La piattaforma Netflix già da qualche tempo sta mostrando un notevole interesse nei confronti del mondo del calcio, producendo in prima persona diverse serie aventi questo sport come tema principale o quantomeno come fulcro attorno al quale le varie trame si sviluppano.
A questo proposito vengono dunque subito in mente gli esperimenti, in gran parte riusciti, delle miniserie Tv che hanno permesso agli appassionati di pallone di seguire da una posizione privilegiata- dall’interno degli spogliatoi o dai campi di allenamento per esempio- un’intera stagione della Juventus o del Sunderland (di “Sunderland till I die” è addirittura uscita da poco la seconda stagione, a riprova del fatto che la scommessa dei produttori Netflix si è rivelata abbastanza di successo).
Al mese scorso risale anche il film “Ultras”, girato dal giovane regista napoletano Francesco Lettieri, che però non sembra al momento aver fatto breccia nel cuore dei critici televisivi, oltre al fatto che numerose critiche sono piovute dalla stessa tifoseria organizzata del Napoli e dalla madre di Ciro Esposito, il tifoso partenopeo che rimase ucciso negli scontri avvenuti a margine della finale di Coppa Italia del 2014 tra Napoli e Fiorentina.
Una diversa considerazione invece spetta alla nuova serie targata Netflix, ossia “The English game”. In una stagione composta di sole sei puntate, i creatori Julian Fellowes, Tony Charles e Oliver Cotton sono riusciti a narrare con coerenza e attenzione (seppur con qualche inesattezza storica volta a romanzare il contenuto complessivo) quelli che sono stati i primi passi del calcio professionistico in Inghilterra.
La storia è ambientata negli anni ’80 del diciannovesimo secolo prevalentemente nella cittadina di Darwen, situata nella regione del Lancashire, celebre ai tempi per essere una solida base della working class.

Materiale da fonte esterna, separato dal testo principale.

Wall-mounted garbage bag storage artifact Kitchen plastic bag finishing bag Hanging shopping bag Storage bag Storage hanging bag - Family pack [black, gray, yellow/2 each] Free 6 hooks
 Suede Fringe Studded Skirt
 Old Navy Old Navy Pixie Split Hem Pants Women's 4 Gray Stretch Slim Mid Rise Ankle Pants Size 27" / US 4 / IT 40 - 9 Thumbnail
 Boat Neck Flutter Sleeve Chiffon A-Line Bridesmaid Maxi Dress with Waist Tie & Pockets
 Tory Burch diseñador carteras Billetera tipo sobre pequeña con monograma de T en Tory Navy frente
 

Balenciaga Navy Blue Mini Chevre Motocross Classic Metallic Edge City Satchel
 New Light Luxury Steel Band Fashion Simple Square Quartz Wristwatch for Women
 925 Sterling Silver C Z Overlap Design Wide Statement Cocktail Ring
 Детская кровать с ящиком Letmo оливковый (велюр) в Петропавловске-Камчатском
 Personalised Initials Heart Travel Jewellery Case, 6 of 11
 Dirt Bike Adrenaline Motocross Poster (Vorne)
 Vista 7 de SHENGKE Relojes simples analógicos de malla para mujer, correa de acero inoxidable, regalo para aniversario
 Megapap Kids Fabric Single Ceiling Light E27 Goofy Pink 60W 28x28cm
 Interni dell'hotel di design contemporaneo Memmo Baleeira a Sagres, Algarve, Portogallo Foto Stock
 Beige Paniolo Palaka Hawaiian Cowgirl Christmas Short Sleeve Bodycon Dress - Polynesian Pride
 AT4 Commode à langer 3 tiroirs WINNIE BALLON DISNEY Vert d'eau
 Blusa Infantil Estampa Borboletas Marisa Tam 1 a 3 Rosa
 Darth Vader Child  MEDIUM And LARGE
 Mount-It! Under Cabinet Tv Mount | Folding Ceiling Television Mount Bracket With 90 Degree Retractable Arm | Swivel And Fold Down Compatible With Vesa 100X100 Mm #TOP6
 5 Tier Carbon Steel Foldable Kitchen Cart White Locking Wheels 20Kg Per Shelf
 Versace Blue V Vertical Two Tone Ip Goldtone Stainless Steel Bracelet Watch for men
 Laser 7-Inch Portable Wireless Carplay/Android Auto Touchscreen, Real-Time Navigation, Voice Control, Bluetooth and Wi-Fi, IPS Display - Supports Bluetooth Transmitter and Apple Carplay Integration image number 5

Ed è proprio dallo scontro – idealistico prima, calcistico poi- tra la working class e l’alta borghesia inglese che tutta la vicenda trae spunto.
Così, oltre a ripercorrere gli eventi che hanno provocato la trasformazione del Football da passatempo riservato a gente facoltosa a sport professionistico, “The English game” si pone l’obiettivo ben più ambizioso di evidenziare il differente tenore di vita affrontato da queste due categorie, per poi fornire una raffigurazione del calcio quale fenomeno in grado di assottigliare il gap intercorrente e permettere finalmente ai lavoratori delle industrie di competere ad armi pari, almeno in questo ambito, con i ricchi banchieri dell’Inghilterra della Victorian Age.
Ed ecco allora che la serie coglie in pieno il significato assunto dal calcio in quel momento particolare storico: il cambiamento epocale non consiste tanto nel fatto che da quel momento in poi viene ammessa la possibilità che i calciatori vengano retribuiti per le proprie prestazioni (fattore da non sottovalutare affatto, in quanto prima della riforma gli esponenti della working class erano spesso costretti a saltare allenamenti e partite perché impegnati con il vero lavoro, quello in fabbrica), bensì bisogna individuarlo nel riconoscimento del football quale strumento utile a costruire passioni e speranze, anche e forse soprattutto in persone che non avevano mai conosciuto prima di quel momento né le une né le altre.
Le parole pronunciate da Arthur Kinnaird, uno dei due protagonisti della storia, durante la puntata conclusiva racchiudono il senso della serie. Egli infatti dichiara con convinzione che il calcio è destinato a qualcosa di grande, di molto grande, e che non è pensabile arrestarne l’evoluzione e l’espansione, sia geografica che sociale.
Di conseguenza e in conclusione, “The English game” è fortemente consigliata a tutti coloro che sentono che questo sport porti con sé qualcosa che va ben oltre i 90 minuti, in quanto esso stimola le emozioni più intime e profonde della natura dell’uomo e proprio per questa ragione riesce nel complicato intento di appianare le disparità che invece vengono create su un livello diverso, artificiale, quale quello sociale, politico o economico.